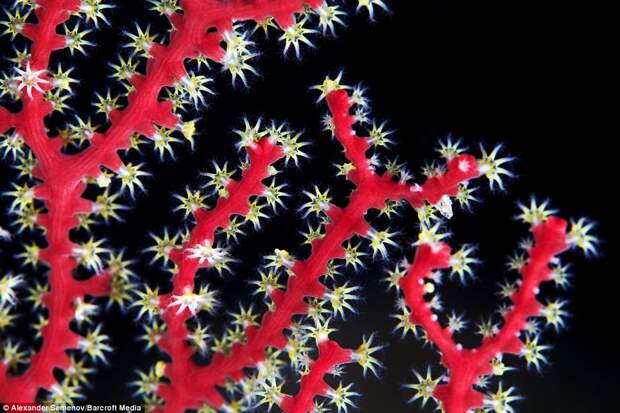Coral polyps, again in the Red Sea: Mr Semenov admits that the translucent jellyfish are his favourite photographic subjects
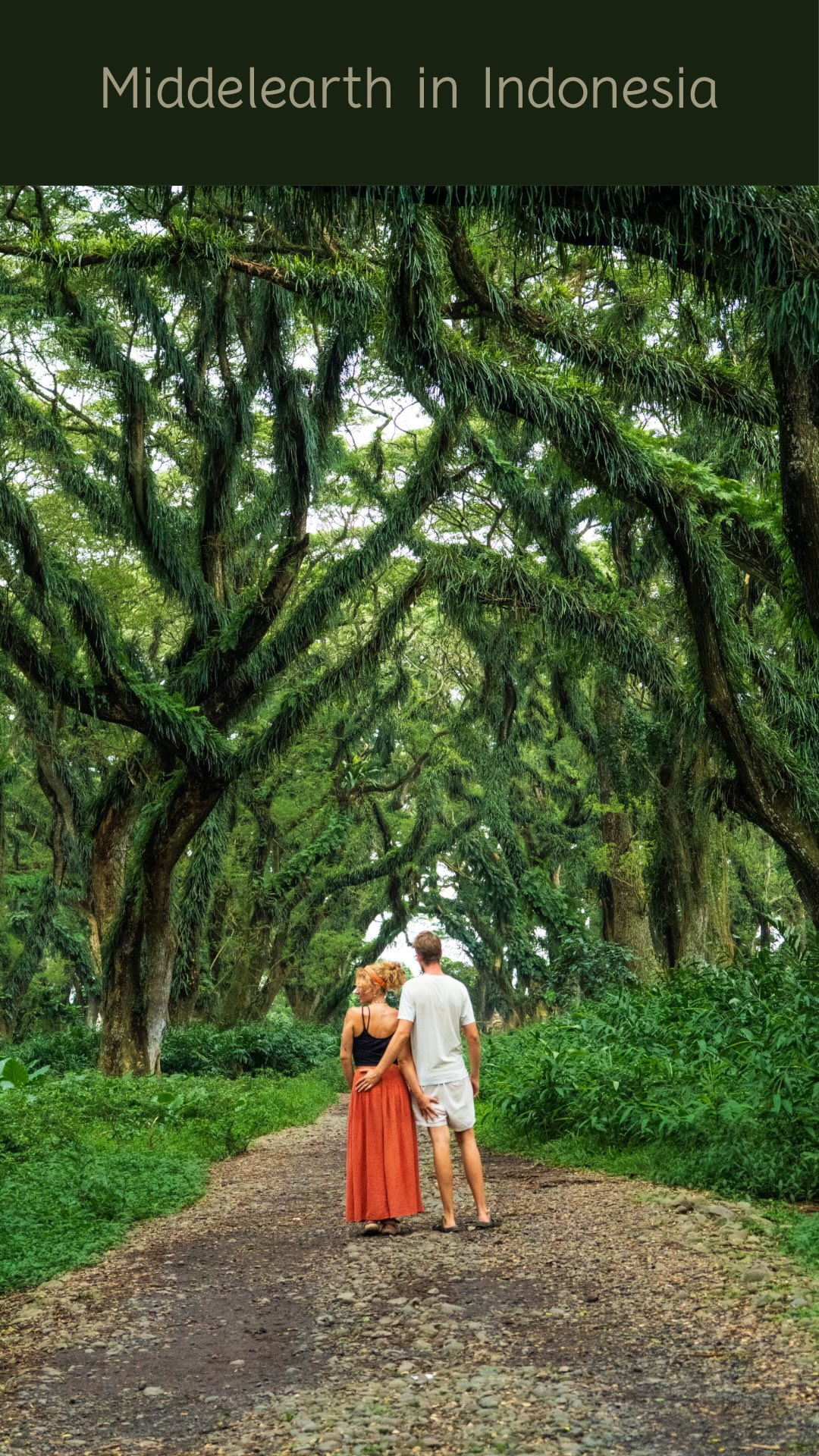 De Djawatan Forest: A Magical Middle-Earth Experience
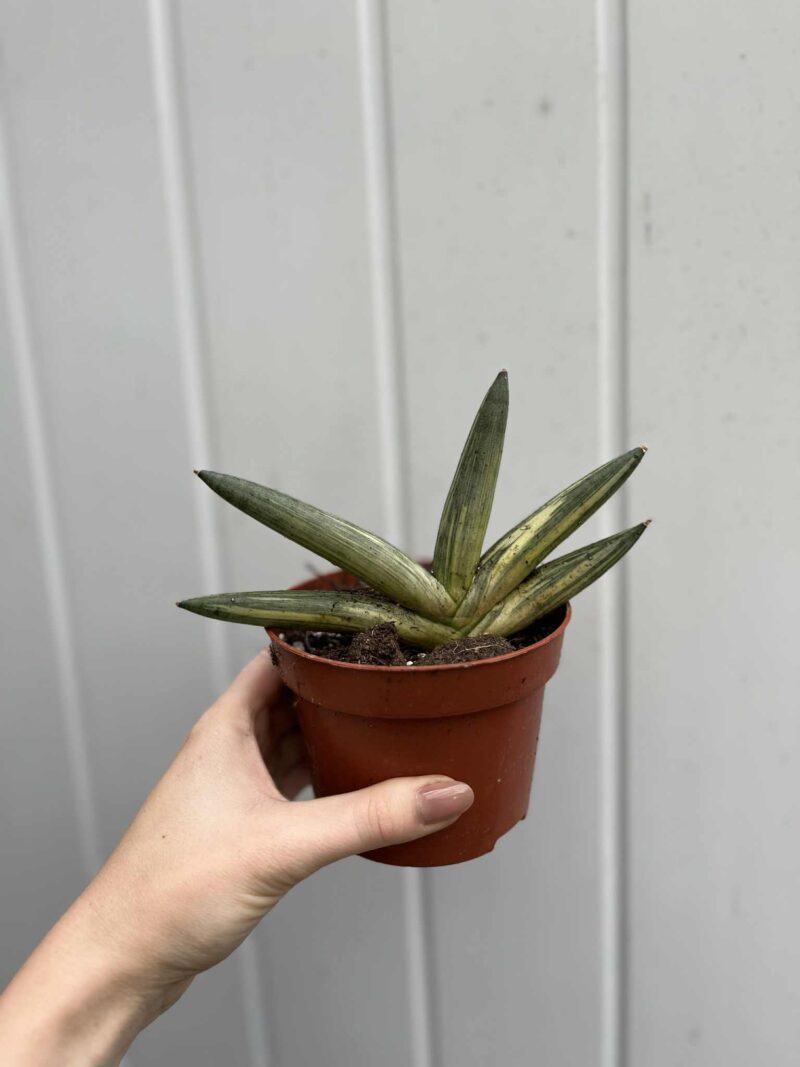 Sansevieria Boncel Variegata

:::::

REQUIRED WORK: The whole listing above, line by line, needs to be copied exactly, except for any images.

RESPONSE BELOW:
Coral polyps, again in the Red Sea: Mr Semenov admits that the translucent jellyfish are his favourite photographic subjects
 De Djawatan Forest: A Magical Middle-Earth Experience
 Sansevieria Boncel Variegata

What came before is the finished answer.